The appellants continue to accept (as they expressly did below) part of the alternative argument that the respondents put - that if cl 315 does include a right of intellectual freedom it is a right that is necessarily subject to the terms of cl 317. In putting that alternative argument below the respondents did not suggest to the primary judge that: (a) the appellants could not succeed because they had not pleaded that Dr Anderson had exercised intellectual freedom in accordance with the highest ethical, professional and legal standards as required by cl 317, (b) the appellants could not succeed because they had not adduced evidence that Dr Anderson had exercised intellectual freedom in accordance with the highest ethical, professional and legal standards to satisfy cl 317, or (c) the respondents had been denied the opportunity to call evidence that Dr Anderson had not exercised intellectual freedom in accordance with the highest ethical, professional and legal standards as required by cl 317. This is so despite the fact that in their primary and alternative case the respondents expressly relied on cl 317 to defeat the appellants' claims.

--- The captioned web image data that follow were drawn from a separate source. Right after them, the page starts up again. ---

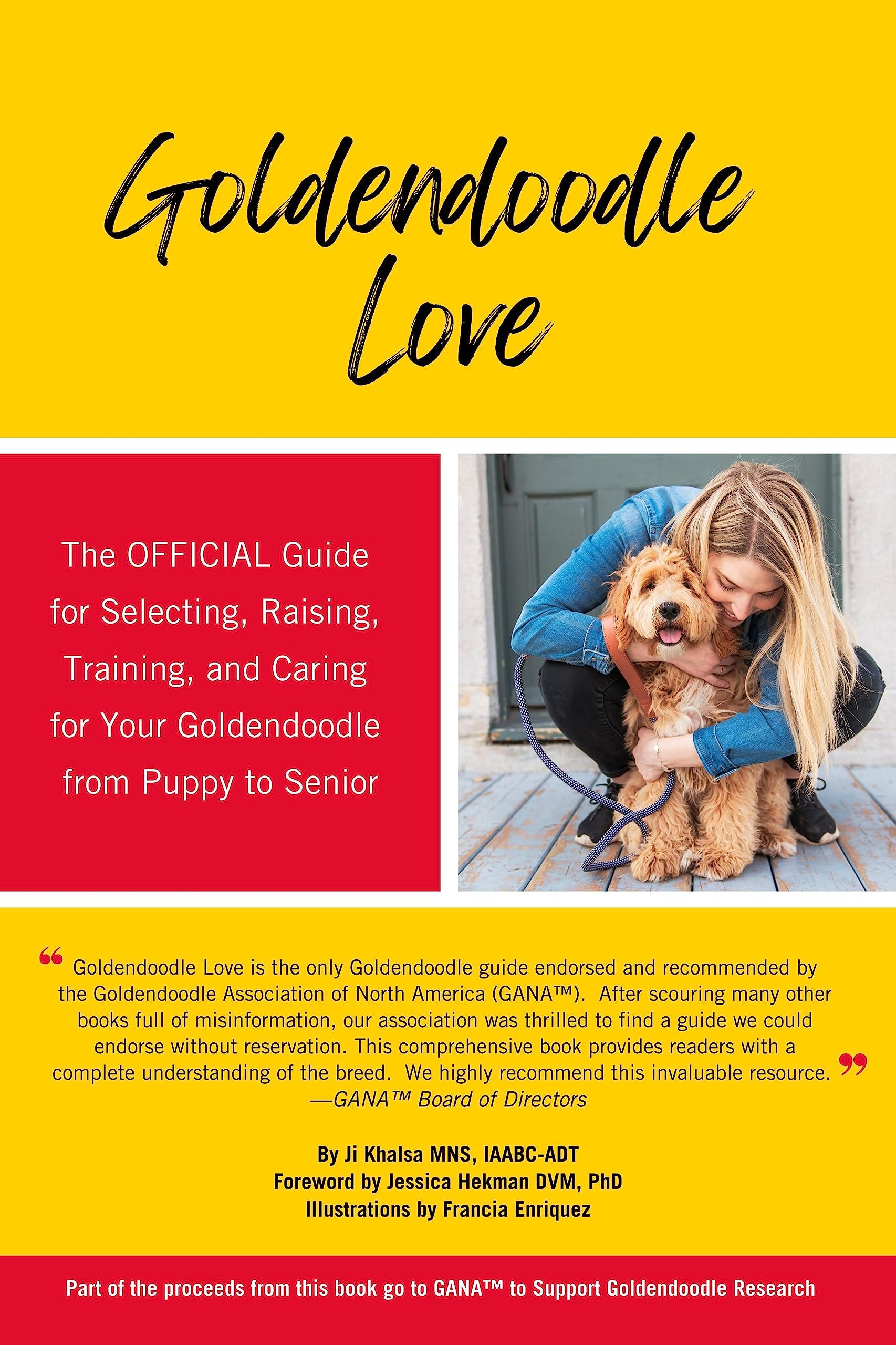 Goldendoodle Love: The OFFICIAL Guide for Selecting, Raising, Training, & Caring for Your Goldendoodle from Puppy to Senior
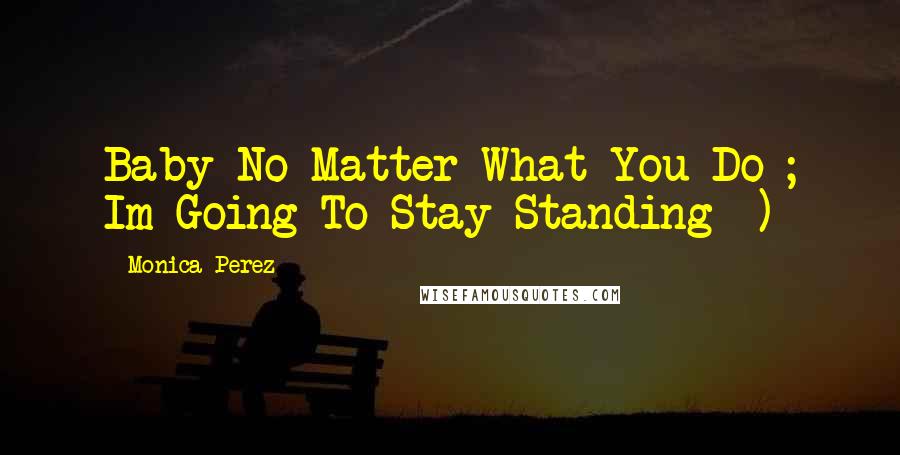 Monica Perez Quotes: Baby No Matter What You Do ; Im Going To Stay Standing =)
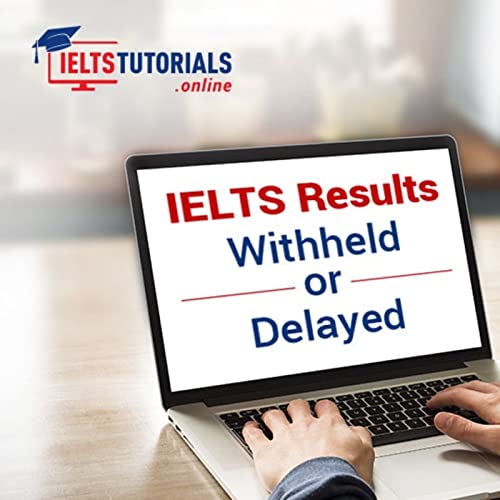 Episode 10: Why are IELTS Test Results Withheld or Delayed? cover art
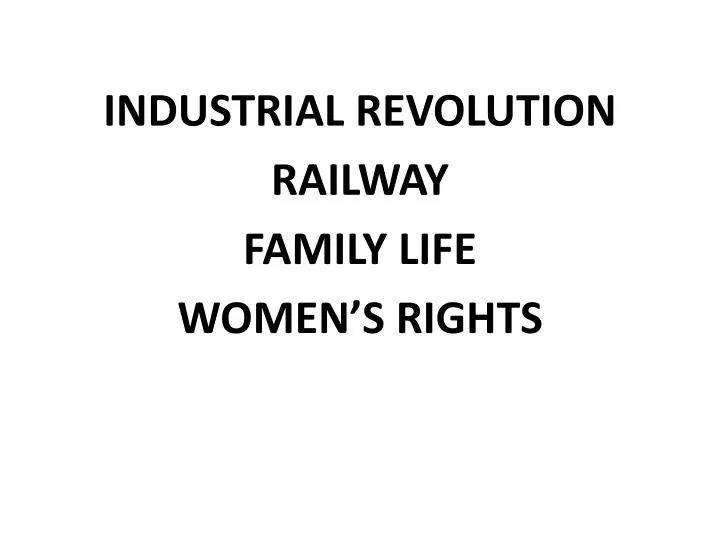 industrial revolution railway family life women s rights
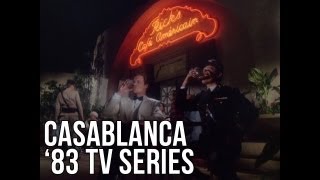 Casablanca 1983 TV Series Video Essay  The Seventh Art [upl. by Mufinella]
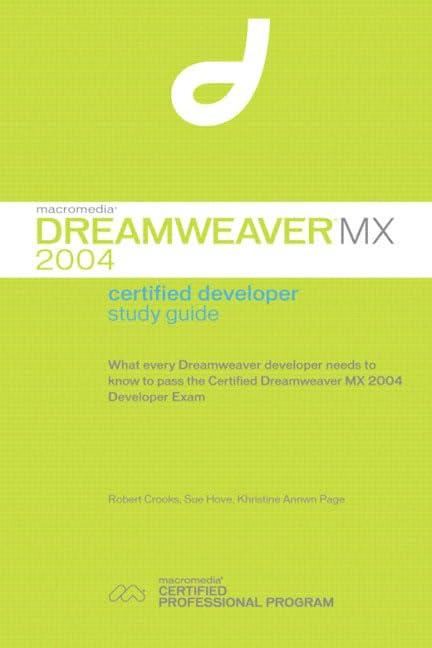  Macromedia Dreamweaver Mx 2004: Certified Developer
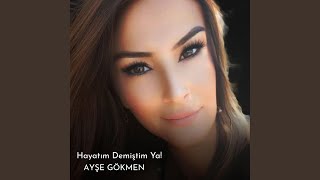 Hayatım Demiştim Ya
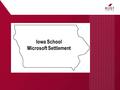 Iowa School Microsoft Settlement. Live Questions During this presentation,  questions with subject line “ICN” for live response to:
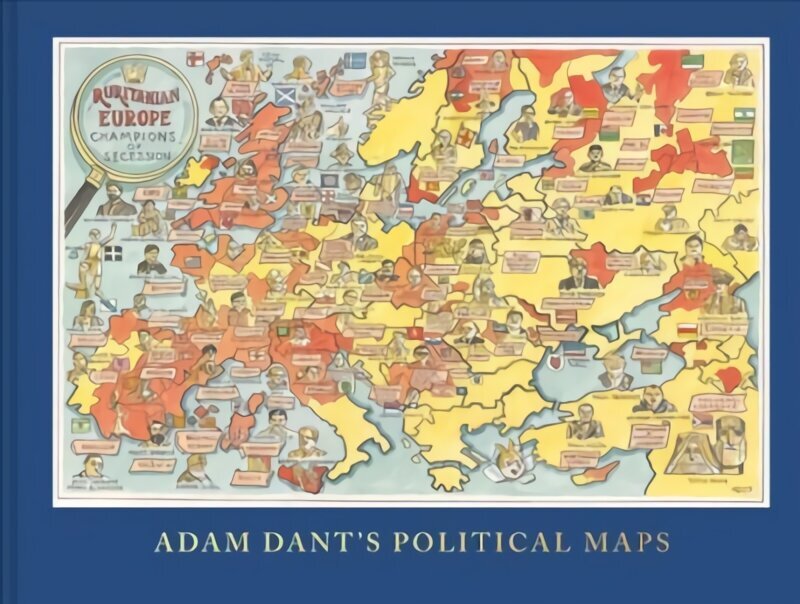 Adam Dant's Political Maps цена и информация | Ühiskonnateemalised raamatud | kaup24.ee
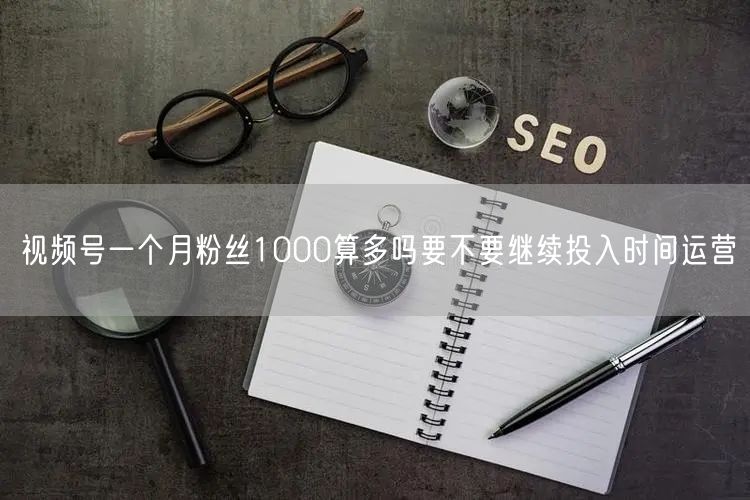 视频号一个月粉丝1000算多吗要不要继续投入时间运营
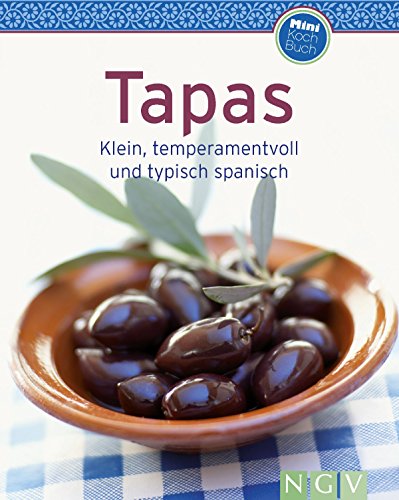Download Tapas: Klein, temperamentvoll und typisch spanisch (Unsere 100 besten Rezepte) Download Tapas: Klein, temperamentvoll und typisch spanisch (Unsere 100 besten Rezepte)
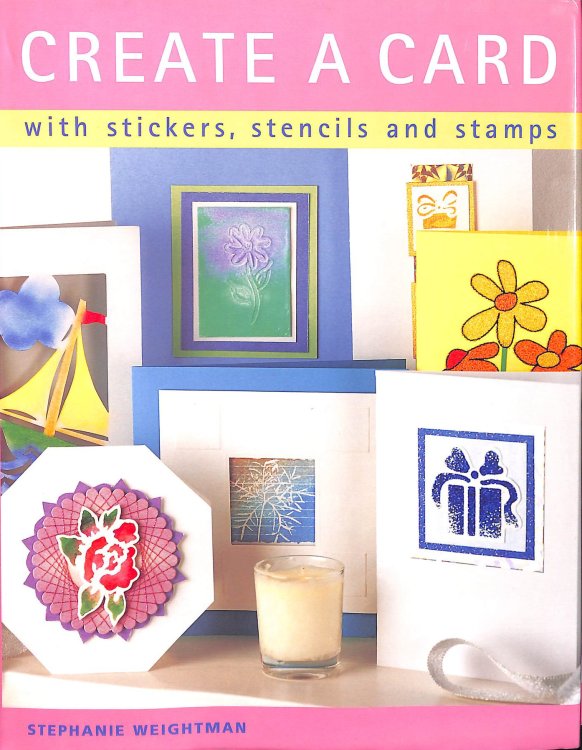 Create a Card: With Stickers, Stencils and Stamps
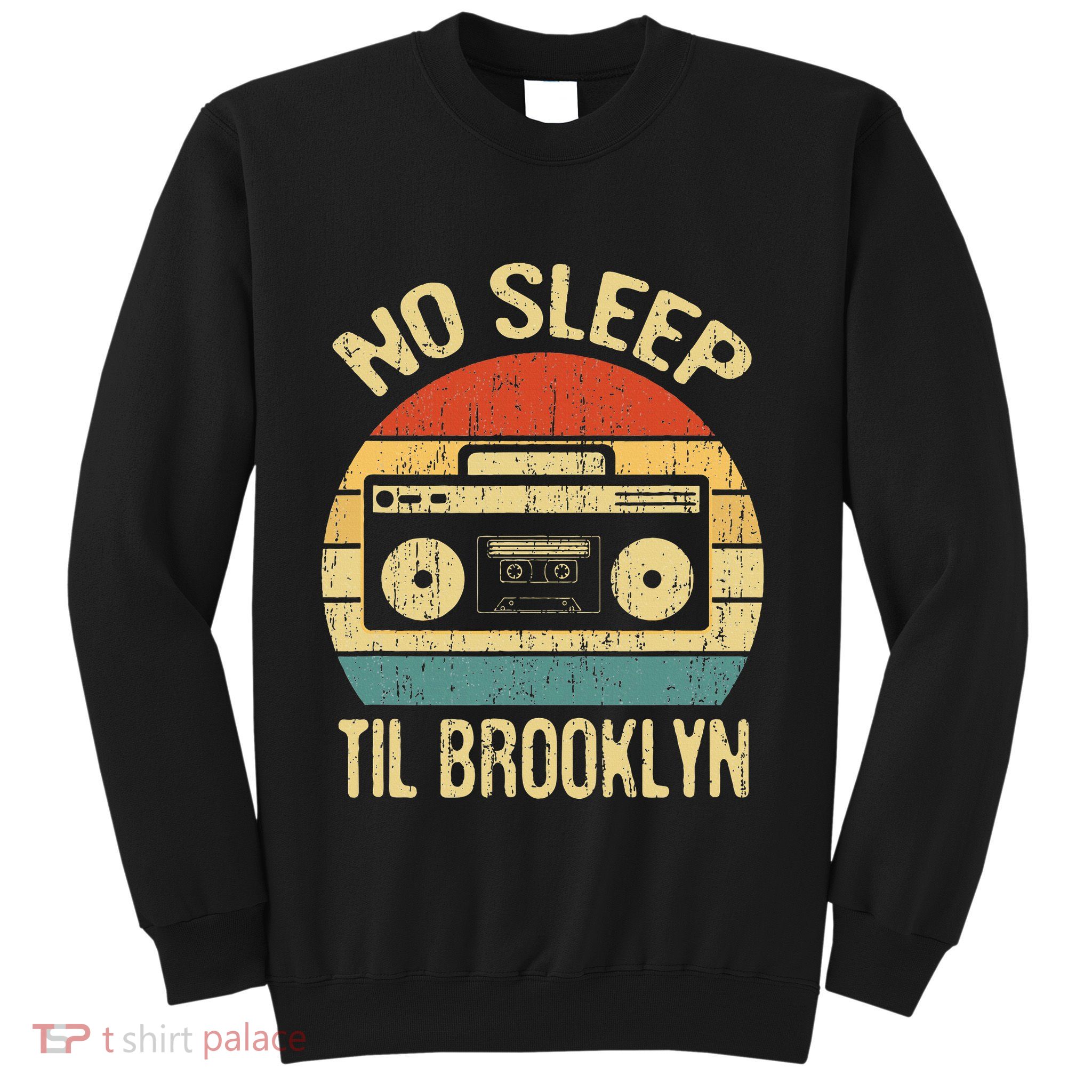 No Sleep Til Brooklyn Retro Old School Stereo Ghetto Blaster Sweatshirt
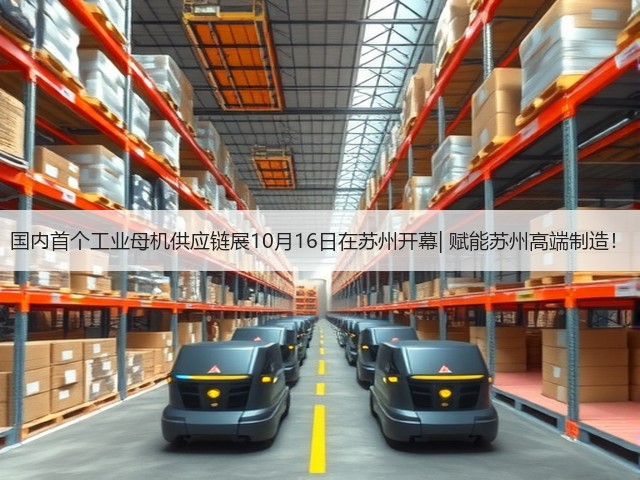 国内首个工业母机供应链展10月16日在苏州开幕| 赋能苏州高端制造! 国内首个工业母机供应链展10月16日在苏州开幕| 赋能苏州高端制造!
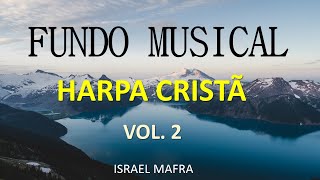 FUNDO MUSICAL HARPA CRISTÃ 02 (O melhor) by Israel Mafra (piano background)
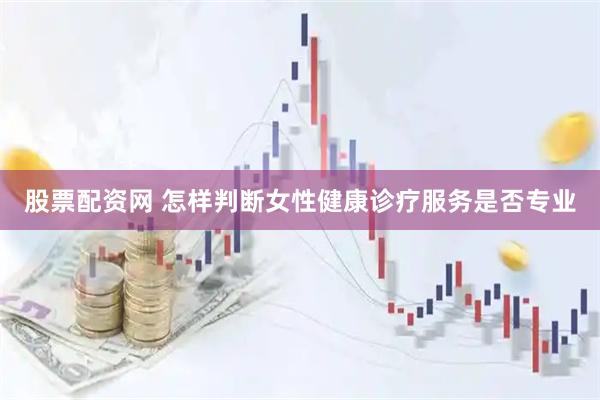 股票配资网 怎样判断女性健康诊疗服务是否专业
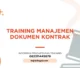 PELATIHAN MANAJEMEN DOKUMEN KONTRAK JAKARTA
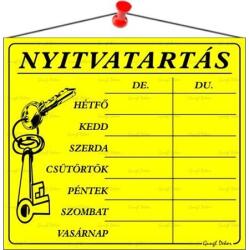  Információs tábla, 20x15 cm, Nyitvatartás, sérga, habosított PVC (010 - S)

Second, given the way in which the case was run by both parties before the primary judge (as explained above), it is not the case that in order to succeed the appellants were required to plead that Dr Anderson had exercised intellectual freedom in accordance with the highest ethical, professional and legal standards. The appellants were entitled to do what they did - plead an exercise of the right in accordance with cl 315 and leave it to the University to rely on cl 317, which the University did. The appellants were also entitled also to allege (as they did), in response to the University's case, that the exercise of the rights did in fact satisfy cl 317.
Third, the appellants put before the primary judge the evidence on which they wished to rely to support the claim that Dr Anderson had been exercising the right of intellectual freedom in accordance with cll 315 and 317 (and the equivalent provisions of the 2013 agreement). The appellants do not suggest otherwise. This is hardly surprising given that, as discussed, both parties relied on cl 317 in the hearing before the primary judge. If the appellants' evidence is inadequate, then so be it.
Fourth, it is correct that cl 317, having been raised below by both parties, required the primary judge to examine all circumstances relevant to each and every claimed exercise of the right of intellectual freedom.
Fifth, it cannot be the case that the University (or other respondents) could and would have led other evidence about the context and manner in which Dr Anderson had purportedly exercised his right of intellectual freedom. The University's submissions that there was no evidence about these matters is wrong.
…
It also necessarily follows that there was (and is) no further evidence the University could adduce relevant to the alleged breaches of cll 315 and 384(d)(iii) of the 2018 agreement. This is because the appellants are either right or wrong about this as well as all other aspects of their case.